As I’m sure that many of you are aware, we had an outage commencing at about 2205 NZST last night and finally getting fixed at about 0825 this morning.
I got notified about 10 minutes into the outage by my various ping systems that the system was down. The main server with the database was just completely off the net, including from web consoles. So I checked everything that I could, including requesting that the system reboot, to no avail. Meanwhile the suppliers own system had noticed that the server was inaccessible and informed me. So I sent off an email and received an automated acknowledgement of receipt.
I was questing to find out how far the problem extended. On the network everything was there up to the last step to the server. It was quite clear that at least a bank of other servers at the same node had also gone dark which pointed to a structural problem that should have been making a big noise of their boards .
I figured that it was nearly midnight, most of the readers would have gone offline, and they would know of the problem from my email at least. I’d check later in the morning to find out when it went back online. So I suppressed the server alarms from my cellphone and went to sleep.
Arggh, woke up and there was no response and no server. So I rang their polite phone support monkey service at 0630 who said that they’d make sure someone knew about it. I finally got a response from support that arrived at 0707 about 8 hours from my first support email and about half an hour after I phoned.
Apologies for not getting back to you earlier. The underlying hosting environment had to be reinitialized.

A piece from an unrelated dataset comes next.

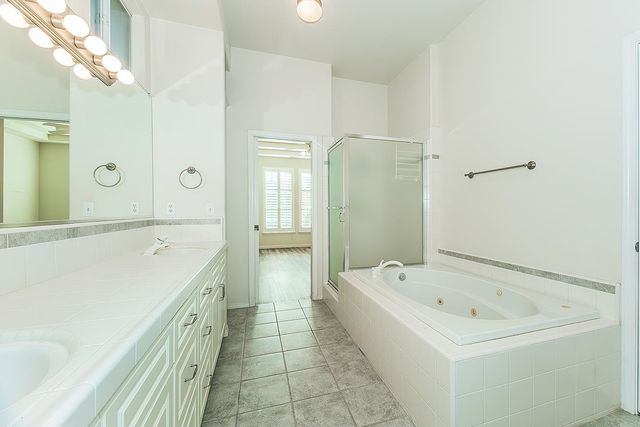 873 E Green Acres Drive, Fresno, CA 93720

Why do I get the distinct impression that was the first time they’d realised that they had a problem. Don’t they read their frigging emails? If they had then they could have rebooted eight hours earlier.
Sure, I’m a penny pinching sysop. But this server still generates several thousand dollars a year in revenue for the supplier and I only expect them to run the infrastructure. I don’t expect gold-plated support, but I do expect people to at least read the frigging emails I send them and to respond to them within hours.
Anyway, by that point I was engaged in warming a backup system and refreshing it with the latest available data from 1700 the previous day. I’m going to have to increase the frequency of database backup deltas. I may even reimplement database replication now we’re out of the southern cross cables horrendously expensive data.
But I’m starting to look for a more support responsive primary server provider.